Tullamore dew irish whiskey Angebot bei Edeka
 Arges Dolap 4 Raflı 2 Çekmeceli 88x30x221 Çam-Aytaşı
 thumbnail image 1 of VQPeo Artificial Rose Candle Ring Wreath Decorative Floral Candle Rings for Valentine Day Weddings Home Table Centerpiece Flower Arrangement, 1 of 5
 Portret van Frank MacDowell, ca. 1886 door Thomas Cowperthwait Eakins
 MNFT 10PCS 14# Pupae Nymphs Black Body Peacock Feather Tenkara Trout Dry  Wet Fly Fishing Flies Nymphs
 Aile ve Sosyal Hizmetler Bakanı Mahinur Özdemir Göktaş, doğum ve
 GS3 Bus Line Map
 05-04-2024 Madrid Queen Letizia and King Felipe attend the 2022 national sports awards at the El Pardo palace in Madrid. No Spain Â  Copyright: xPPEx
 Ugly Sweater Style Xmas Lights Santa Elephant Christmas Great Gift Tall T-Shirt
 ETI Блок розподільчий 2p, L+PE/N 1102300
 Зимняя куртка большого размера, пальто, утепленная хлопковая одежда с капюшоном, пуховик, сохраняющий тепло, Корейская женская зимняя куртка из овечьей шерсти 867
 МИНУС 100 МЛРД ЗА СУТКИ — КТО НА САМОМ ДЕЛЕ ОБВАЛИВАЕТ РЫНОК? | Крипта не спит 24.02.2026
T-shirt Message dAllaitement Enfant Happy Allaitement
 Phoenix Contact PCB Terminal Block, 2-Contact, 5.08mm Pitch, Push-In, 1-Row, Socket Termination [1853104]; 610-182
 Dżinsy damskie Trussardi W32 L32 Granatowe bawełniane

== == ==

**What you need to do**. What you return should match the listing above exactly.

**Answer to the exercise**.
Tullamore dew irish whiskey Angebot bei Edeka
 Arges Dolap 4 Raflı 2 Çekmeceli 88x30x221 Çam-Aytaşı
 thumbnail image 1 of VQPeo Artificial Rose Candle Ring Wreath Decorative Floral Candle Rings for Valentine Day Weddings Home Table Centerpiece Flower Arrangement, 1 of 5
 Portret van Frank MacDowell, ca. 1886 door Thomas Cowperthwait Eakins
 MNFT 10PCS 14# Pupae Nymphs Black Body Peacock Feather Tenkara Trout Dry  Wet Fly Fishing Flies Nymphs
 Aile ve Sosyal Hizmetler Bakanı Mahinur Özdemir Göktaş, doğum ve
 GS3 Bus Line Map
 05-04-2024 Madrid Queen Letizia and King Felipe attend the 2022 national sports awards at the El Pardo palace in Madrid. No Spain Â  Copyright: xPPEx
 Ugly Sweater Style Xmas Lights Santa Elephant Christmas Great Gift Tall T-Shirt
 ETI Блок розподільчий 2p, L+PE/N 1102300
 Зимняя куртка большого размера, пальто, утепленная хлопковая одежда с капюшоном, пуховик, сохраняющий тепло, Корейская женская зимняя куртка из овечьей шерсти 867
 МИНУС 100 МЛРД ЗА СУТКИ — КТО НА САМОМ ДЕЛЕ ОБВАЛИВАЕТ РЫНОК? | Крипта не спит 24.02.2026
T-shirt Message dAllaitement Enfant Happy Allaitement
 Phoenix Contact PCB Terminal Block, 2-Contact, 5.08mm Pitch, Push-In, 1-Row, Socket Termination [1853104]; 610-182
 Dżinsy damskie Trussardi W32 L32 Granatowe bawełniane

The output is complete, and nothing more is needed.